══ DATA SHOWN ══

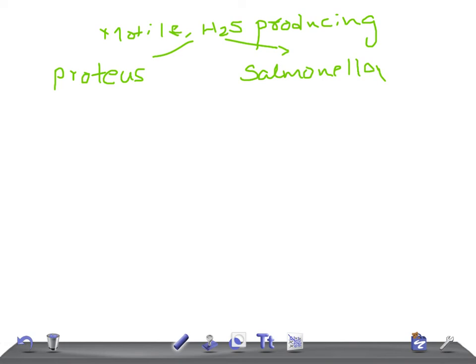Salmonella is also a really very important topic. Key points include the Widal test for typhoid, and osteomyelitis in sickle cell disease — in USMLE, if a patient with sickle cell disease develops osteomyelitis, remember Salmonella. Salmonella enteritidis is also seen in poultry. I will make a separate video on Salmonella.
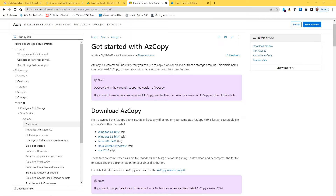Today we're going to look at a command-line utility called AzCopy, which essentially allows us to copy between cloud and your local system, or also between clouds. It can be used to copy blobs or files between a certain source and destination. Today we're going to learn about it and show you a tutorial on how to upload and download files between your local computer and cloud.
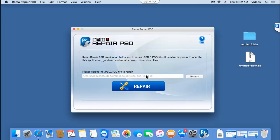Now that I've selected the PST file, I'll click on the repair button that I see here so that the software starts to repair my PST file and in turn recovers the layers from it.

═══

◆ **TASK TO COMPLETE**
Everything from the line containing "Today we're going to look" to the last line of the listing above is to be written out exactly, except the pictures, and nothing else.

◆ **WRITTEN RESPONSE**
Today we're going to look at a command-line utility called AzCopy, which essentially allows us to copy between cloud and your local system, or also between clouds. It can be used to copy blobs or files between a certain source and destination. Today we're going to learn about it and show you a tutorial on how to upload and download files between your local computer and cloud.
Now that I've selected the PST file, I'll click on the repair button that I see here so that the software starts to repair my PST file and in turn recovers the layers from it.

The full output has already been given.